04/08/2011 (Financial Express) - The Trading Corporation of Bangladesh (TCB) has blacklisted 20 suppliers for failing to deliver the agreed essential commodities before the holy month of Ramadan, a top policymaker said Wednesday.

"We first gave them warning to supply the commodities in time. As they failed, we have forfeited their security money and blacklisted them," Commerce Minister Faruk Khan told the FE.

These suppliers won't be allowed to supply anything to the TCB in future, he added.

Mr Khan said they signed agreement with the TCB to supply per tonne of sugar at US$ 630 to 640.

"But, meantime, the price of sugar shot up to $ 800 per tonne. The suppliers then decided not to incur massive losses through supplying the sugar; rather they preferred to lose the security money," the minister added.

Sources said this year 21 traders had received supply orders of sugar, edible oil, gram and date to deliver those before Ramadan so that the government could intervene in the market during the holy month. Of them only one could provide the commodities in time.

Last year some 31 traders were engaged for the task, but none of them could supply any goods before Ramadan leaving the TCB helpless.

The default traders lost security money they paid to the TCB with the tender documents. But they were not given any other punishment or barred from doing business with the TCB.

Sources also said the TCB that time carried out its open market sale activities through buying some 20,000 tonnes of sugar from the Bangladesh Sugar and Food Industries Corporation and edible oil from SG Oil Ltd.

The TCB has a target of buying 200,000 tonnes of sugar, 100,000 tonnes of soybean, 100,000 tonnes of palm oil, and 20,000 tonnes of gram this year to intervene in the market throughout the year.

It set the target of getting supplied 30,000 tonnes of sugar, 20,000 tonnes of soybean oil and 10,000 tonnes of palm oil for the holy month of Ramadan.

These suppliers had committed to delivering the commodities through importing the same from different countries.

A senior commerce ministry official said the TCB is now intervening in the Ramadan market with the products it bought from the local sources.

The government in late June approved Tk 10 billion as bank guarantee in favour of the TCB to import essential commodities targeting the Muslim holy month.
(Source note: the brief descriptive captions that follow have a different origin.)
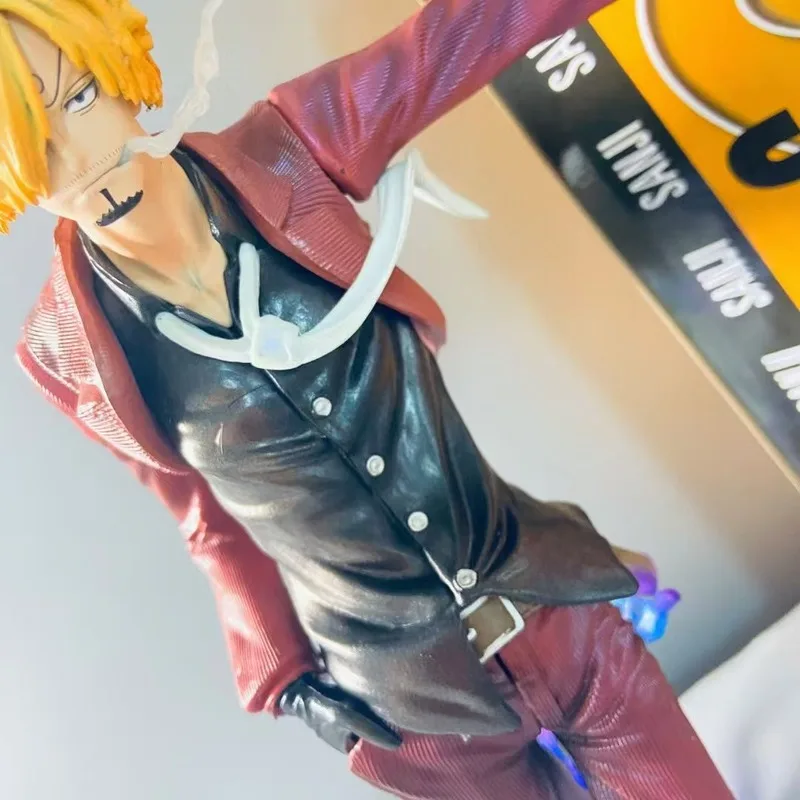 Limited Edition One Piece Anime Fashion Show Vinsmokesanji Gk Figurine Trendy Toy Model Statue Ornament Toy Gifts Runway Show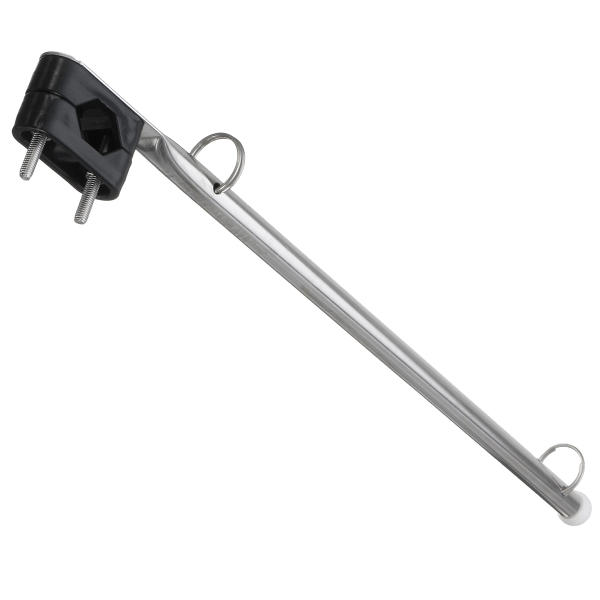 39cm Stainless Steel Marine Flag Staff Pole Rail Mount For Yachts Boats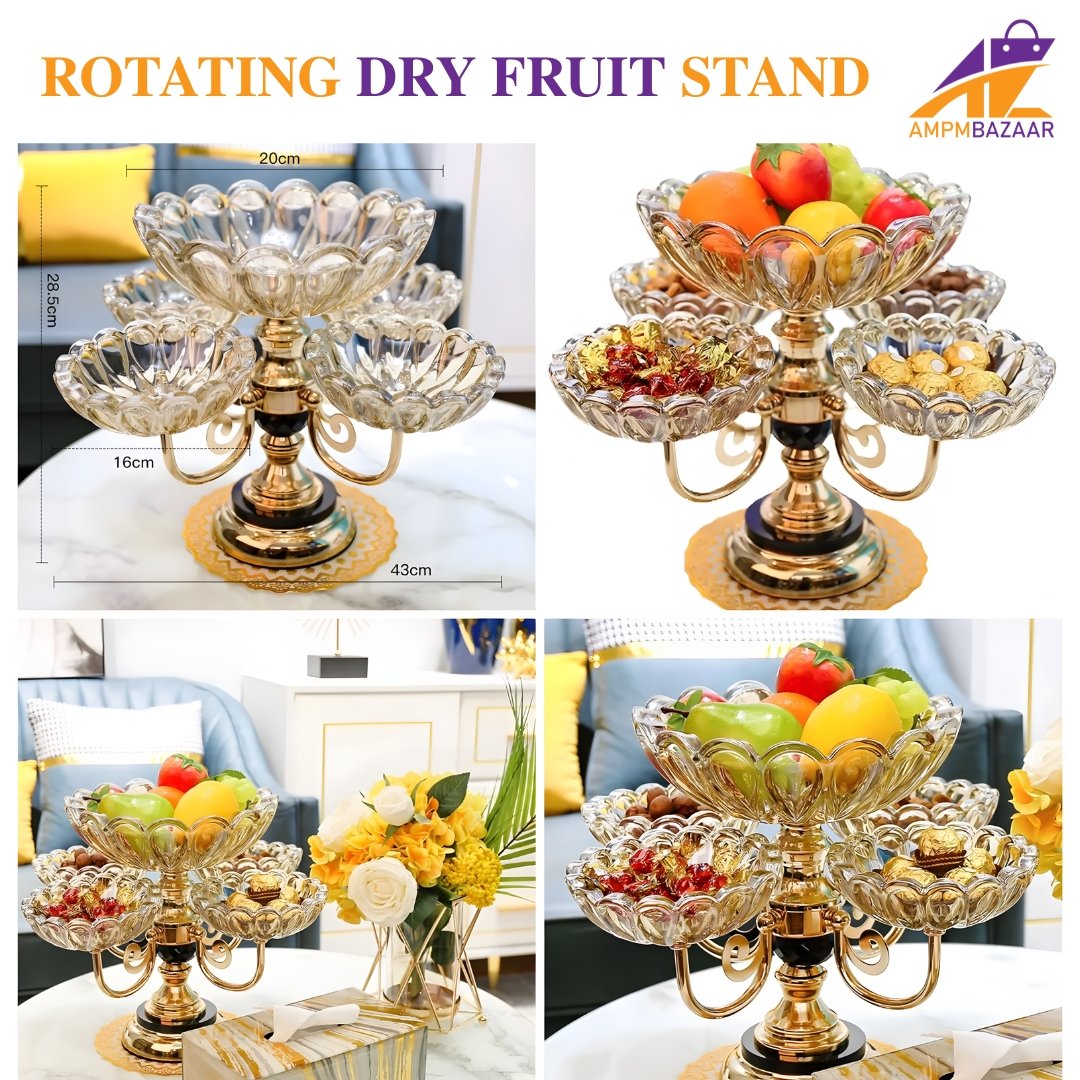 Rotating Dry Fruit Stand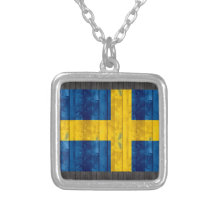 Träsvenskflagga Hängsmycken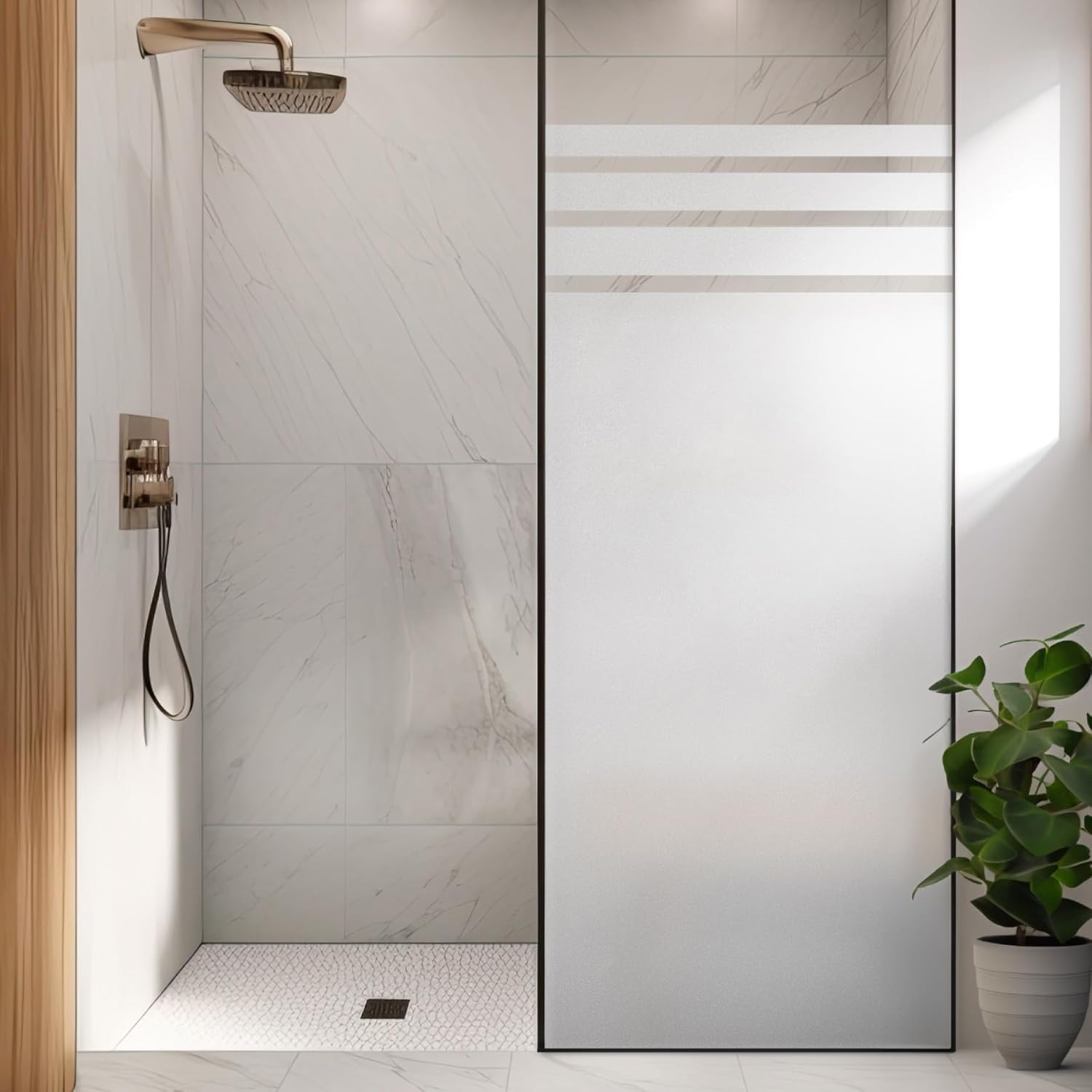 Etched Glass Window Privacy Film by Artscape - Decorative Frosted Glass Design, Static Cling, Full Coverage Privacy, Reduces Glare, Removable and Repositionable, Made in USA - 24 x 36 Inch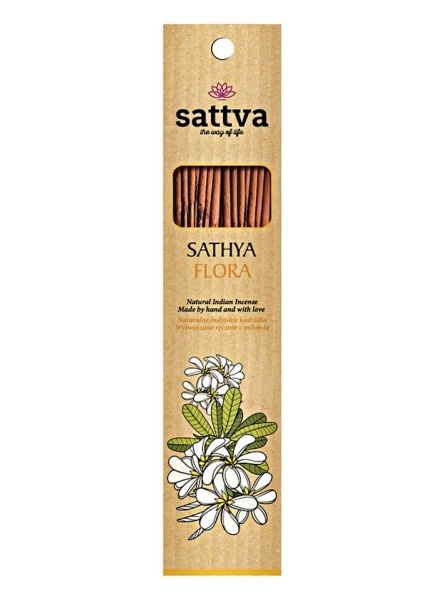 KADZIDŁO INDYJSKIE FLORA 15szt SATTVA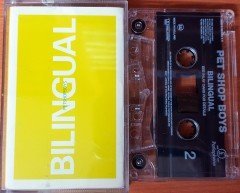 PET SHOP BOYS - BILINGUAL (1996) CASSETTE MADE IN HOLLAND ''USED''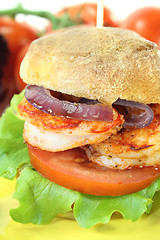 Image showing delicious prawn burger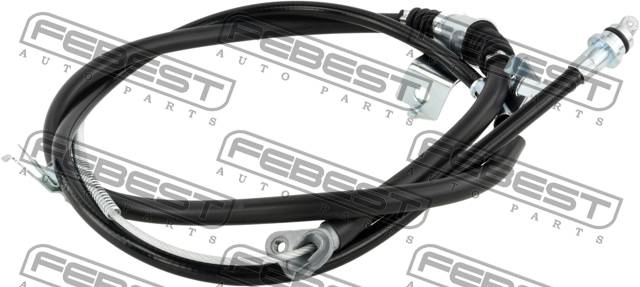 Трос ручника 04100-V97LH Febest /левый /MITSUBISHI PAJERO/MONTERO V80, 90# 2006.09-2021.03/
The TCB this year sought some Tk 32.74 billion from the government for the said imports. The ministry for finance (MoF) has rejected the proposal and preferred to provide subsidy to the TCB to offset its loss incurred due to selling essentials at lower prices.

Following the decision, the ministry of commerce last June sent a proposal to the MoF for providing Tk 690 million to the TCB as subsidy for the fiscal 2010-11.